Simple Matrix Inversion in Pure Python without Numpy or Scipy

Published by Thom Ives on

To Help with Insight and Future Research Tools

Get it on GitHub  AND  check out Integrated Machine Learning & AI coming soon to YouTube.

Overview

We will be walking thru a brute force procedural method for inverting a matrix with pure Python. Why wouldn’t we just use numpy or scipy? Great question. This blog is about tools that add efficiency AND clarity. I love numpy, pandas, sklearn, and all the great tools that the python data science community brings to us, but I have learned that the better I understand the “principles” of a thing, the better I know how to apply it. Plus, tomorrows machine learning tools will be developed by those that understand the principles of the math and coding of today’s tools.

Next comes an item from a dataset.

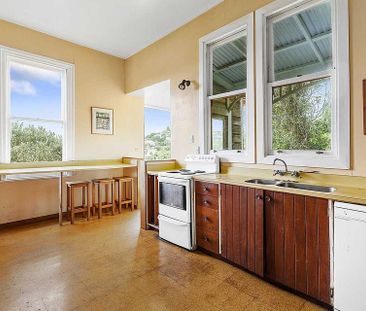 Walk to city with fantastic seaview - Photo 2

Also, once an efficient method of matrix inversion is understood, you are ~ 80% of the way to having your own Least Squares Solver and a component to many other personal analysis modules to help you better understand how many of our great machine learning tools are built. Would I recommend that you use what we are about to develop for a real project? All those python modules mentioned above are lightening fast, so, usually, no. I would not recommend that you use your own such tools UNLESS you are working with smaller problems, OR you are investigating some new approach that requires slight changes to your personal tool suite. Thus, a statement above bears repeating: tomorrows machine learning tools will be developed by those that understand the principles of the math and coding of today’s tools. I want to be part of, or at least foster, those that will make the next generation tools. Plus, if you are a geek, knowing how to code the inversion of a matrix is a great right of passage! We will also go over how to use numpy /scipy to invert a matrix at the end of this post.

The way that I was taught to inverse matrices, in the dark ages that is, was pure torture and hard to remember! If you go about it the way that you would program it, it is MUCH easier in my opinion. I would even think it’s easier doing the method that we will use when doing it by hand than the ancient teaching of how to do it. In fact, it is so easy that we will start with a 5×5 matrix to make it “clearer” when we get to the coding.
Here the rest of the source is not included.